Apatite stability under different oxygen fugacities relevant to planetary bodies
Apatite is widely distributed in terrestrial and extraterrestrial environments and may therefore crystallize in relatively oxidized environments found here on Earth, and in reduced settings such as the Moon. We present a series of oxygen fugacity-buffered apatite stability and apatite-fluid solubility experiments conducted at 1 atm and in a piston cylinder, respectively. The first style of experiments involved enclosing polished slabs of Durango apatite in evacuated silica tubes with a solid-state oxygen fugacity buffer, followed by heating to ~1100 °C for 65 or 90 h. At oxygen fugacities equal to and lower than the Fe-FeO equilibrium, crystals revealed alteration often in the form of convoluted features, which may to be related to the stability of the apatite component P2O5 under reducing conditions. Preferential evaporation of P2O5 from a haplobasalt heated to 1350 °C under reducing conditions – compared to similar experiments conducted under oxidizing conditions – also supports this interpretation. Fifteen solubility experiments were conducted in a piston cylinder device at 900 or 925 °C and 1 GPa, in either ~3.4 N NaCl or 2 N NaOH fluids. The oxygen fugacity was buffered at about 4 log units below the fayalite magnetite quartz equilibrium (FMQ-4) to 8 log units above this buffer (FMQ + 8). Apatite solubilities were determined by crystal weight loss. There is no systematic sensitivity to solubility vs. oxygen fugacity in H2O-NaOH fluid. In the H2O-NaCl fluid, apatite is less soluble by about a factor of 2 under the most oxidizing experimental conditions. This change in solubility is relatively subtle when compared to intensive variables explored in other studies, such as temperature, pressure, and XNaCl in the fluid. Overall, the apatite crystal structure is resilient across a range of different imposed oxygen fugacities, which contrasts with experimental results for another phosphate, monazite.
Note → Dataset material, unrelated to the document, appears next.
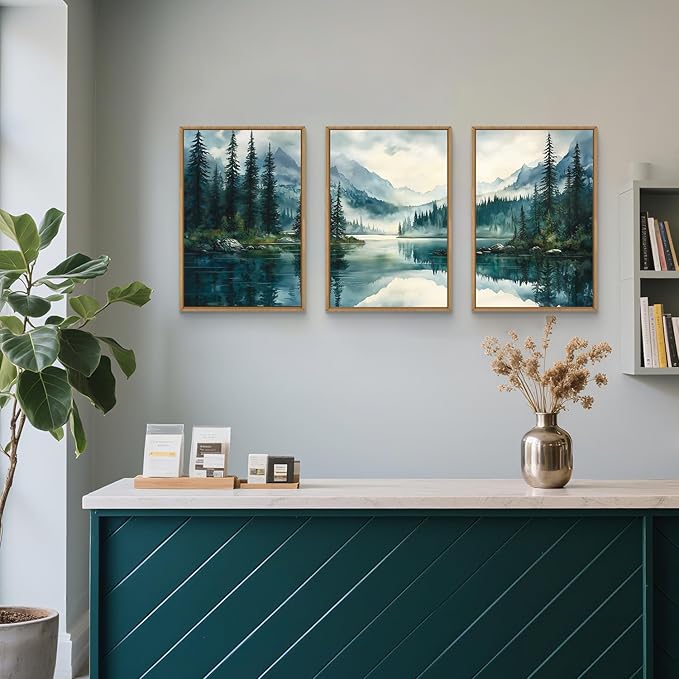 HLNIUC Green Foggy Forest Mountain Wall Art Framed,Large Boho Watercolor Pine Tree Wall Decor set of 3 (24"x36"), Nature Dark Lake Landscape Scenery Canvas Painting for Living Room, Bedroom, Office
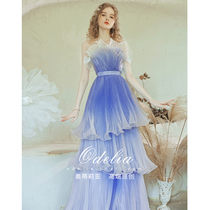 odelia step on the waves2021 new blue gradient bandeau dress fairy beauty bride toast wedding performance woman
KeywordsApatite Oxygen fugacity Stability Planetary Solubility
We thank Jacob Buettner for assistance. Rosario Esposito is thanked for assistance with the EPMA at UCLA. Haplobasalt glasses were characterized by EPMA at Rensselaer Polytechnic Institute. This work was supported by EAR-1447404 and EAR-1751903. The LA-ICP-MS instrument is partially supported by a grant from the Instrumentation and Facilities Program, Division of Earth Sciences, NSF (EAR-1545637). Dan Harlov, Peter Tropper, James Webster and an anonymous reviewer are thanked for comments and suggestions that greatly improved the manuscript.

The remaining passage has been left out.